Thursday evening one of Jen's students came to the hotel to babysit the girls and Danny and Jen got to go and see "Next to Normal" at the Ordway. It was phenomenal and it was great to have a night off together after a really, really long first year of teaching!

Friday morning we had breakfast with an college friend of Jen's and then we headed back up to home. We had thought about using the afternoon to go to the Children's Museum but we thought it was going to push everyone to the brink. And considering the car ride, we were right!

Monday, May 9, 2011

Park Pranksters

Fun with Daddy! Lunch in the park and bubbles at home.

Delicate Ones!




A little more personality.



Picking posies.



Our girls.





Bubbles at home.


Saturday, May 7, 2011

Characters

There is something about this tilted knee


and this set of fists...



that slays me.


We are blessed with strange and beautiful children!


Monday, May 2, 2011

Homemaking Has No End

Posted at The Next Family
By: Danny Thomas

stay at home dad

So, I’ve spent the last year or so a stay-at-home dad. In that time my children have turned two and five, my wife has finished a doctoral degree, and we have moved across the country, among other things… it’s been tumultuous, to say the least. It has also been, alternately, totally fulfilling and somewhat demoralizing…

I’m starting to think about going back to work.

I had this weird thing happen some time in February. I was in a Hallmark with Lil’ Chaos, musta been looking for valentines or something. As we were leaving we passed a snow shovel just inside the door. I had this strange compulsion to pick it up and shovel the sidewalk. If you know me you know that I am no stranger to manual labor, and don’t exactly shy away from it; however, I am rarely the first to volunteer to shovel a sidewalk.

As I pondered this compulsion I started to realize that what was appealing about it was the idea of a job that had a beginning, a middle, and an end. Parenting, homemaking has no end. You finish the breakfast dishes and boom! there is lunch. You finally get the laundry folded and put away and boom! there’s a load of towels and a load of kid clothes staring you down.

It is a strange dichotomy. I have worked many, many jobs with amorphous and immeasurable job descriptions. Hell, most of my jobs over the last ten years have fallen under such descriptions, but working as a full-time parent is more gratifying and at the same time takes an immense toll on me physically, mentally, and emotionally. It is never-ending. There is no fiscal remuneration, the feedback is like the schedule, catch-as-catch-can, and there is endless room for improvement.

I think the snow shovel looked attractive because the idea of shoveling a sidewalk, seeing the finished job and knowing that my contribution was well done and appreciated, is a satisfaction I have to eek out as a homemaker.

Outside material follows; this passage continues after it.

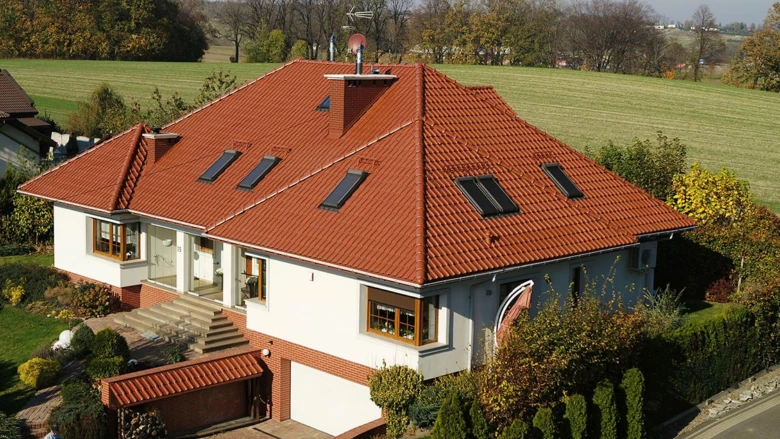 Moderní dům s červenou sedlovou střechou na venkově.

Don’t get me wrong: there are countless ways my family and friends acknowledge my day-to-day work. I get my strokes. Just looking at or being with my kids is a satisfaction in and of itself, but it’s different than a paycheck, or an approved final draft, or a happy customer…

But we have gotten comfortable with all the benefits of having a full-time, stay-at-home parent. We are struggling, as a family, to figure out how to get me back to work, what kind of job will fit best. I need the structure, the sense of completion, and the money won’t hurt either. I am nervous about re-adjusting to being in the workforce too, re-acclimating…

I have a gig right now DJ-ing proms and weddings. It has the potential to be a good fit in that it is flexible, does not alter our schedule too much, and is fun! But it is long, hard hours when I do work, and I wonder if working a few days a week for a few hours would be an easier alteration to our lives. It’s hard to know. I really don’t know how parents who work full time or single parents manage it at all.